Frances Milton Trollope | |
---|---|
Born | Frances Milton 10 March 1779 Bristol, England |
Died | 6 October 1863 Florence, Italy | (aged 84)
Other names | Fanny Trollope |
Occupation | Novelist |
Notable work | Domestic Manners of the Americans |
Spouse |
Thomas Anthony Trollope
(m. 1809; died 1835) |
Children | 7; including Anthony, Thomas, and Cecilia |
Parent(s) | William Milton Mary Gresley |
Frances Milton Trollope, also known as Fanny Trollope (10 March 1779 – 6 October 1863), was an English novelist who wrote as Mrs. Trollope or Mrs. Frances Trollope.
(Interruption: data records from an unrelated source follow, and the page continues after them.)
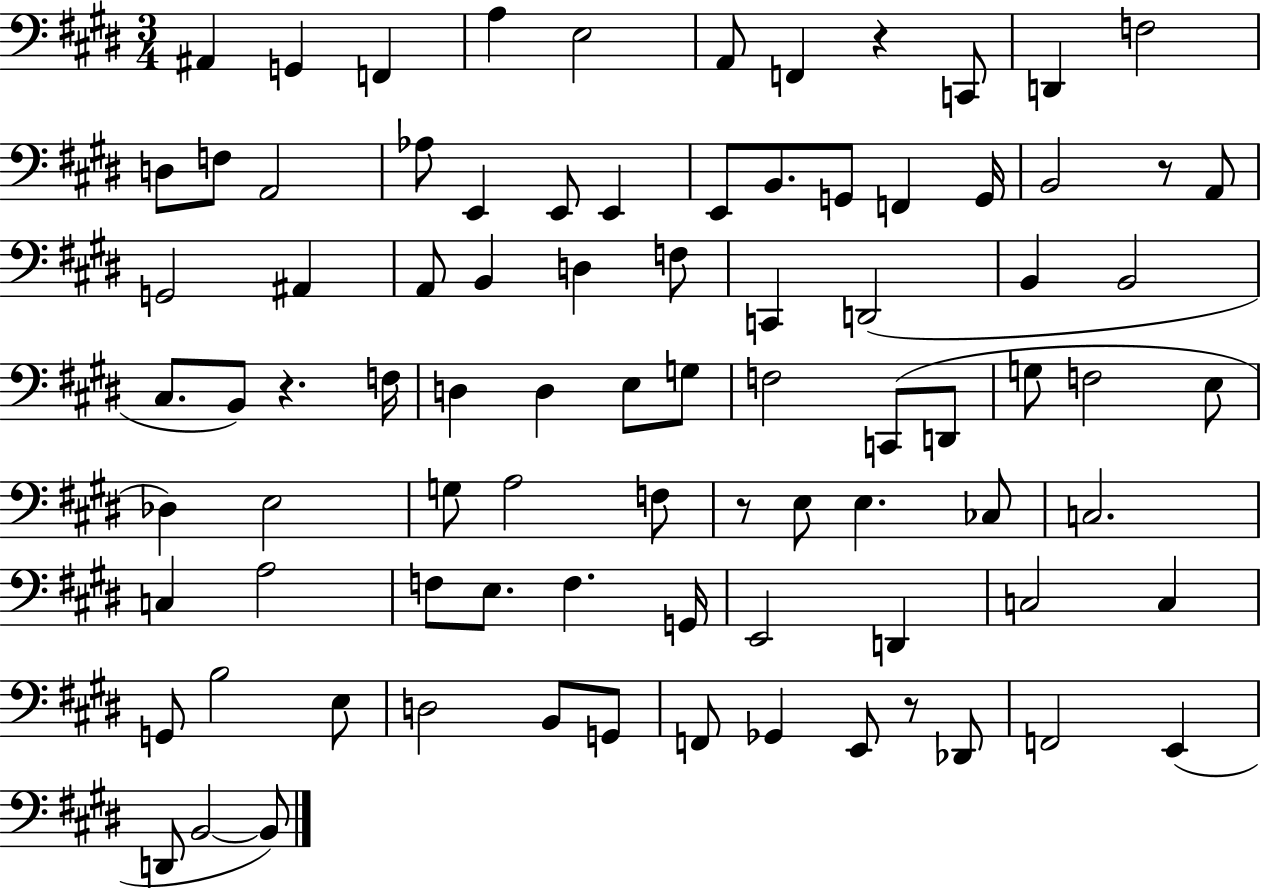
X:1
T:Untitled
M:3/4
L:1/4
K:E
^A,, G,, F,, A, E,2 A,,/2 F,, z C,,/2 D,, F,2 D,/2 F,/2 A,,2 _A,/2 E,, E,,/2 E,, E,,/2 B,,/2 G,,/2 F,, G,,/4 B,,2 z/2 A,,/2 G,,2 ^A,, A,,/2 B,, D, F,/2 C,, D,,2 B,, B,,2 ^C,/2 B,,/2 z F,/4 D, D, E,/2 G,/2 F,2 C,,/2 D,,/2 G,/2 F,2 E,/2 _D, E,2 G,/2 A,2 F,/2 z/2 E,/2 E, _C,/2 C,2 C, A,2 F,/2 E,/2 F, G,,/4 E,,2 D,, C,2 C, G,,/2 B,2 E,/2 D,2 B,,/2 G,,/2 F,,/2 _G,, E,,/2 z/2 _D,,/2 F,,2 E,, D,,/2 B,,2 B,,/2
Her book, Domestic Manners of the Americans (1832), observations from a trip to the United States, is the best known.
She also wrote social novels: one against slavery is said to have influenced Harriet Beecher Stowe, and she also wrote the first industrial novel, and two anti-Catholic novels, which used a Protestant position to examine self-making.
Some recent scholars note that modernist critics have omitted women writers such as Frances Trollope.[1] In 1839, The New Monthly Magazine claimed, "No other author of the present day has been at once so read, so much admired, and so much abused".[2]
Two of her sons, Thomas Adolphus and Anthony, became writers,[3] as did her daughter-in-law Frances Eleanor Trollope (née Ternan), second wife of Thomas Adolphus Trollope.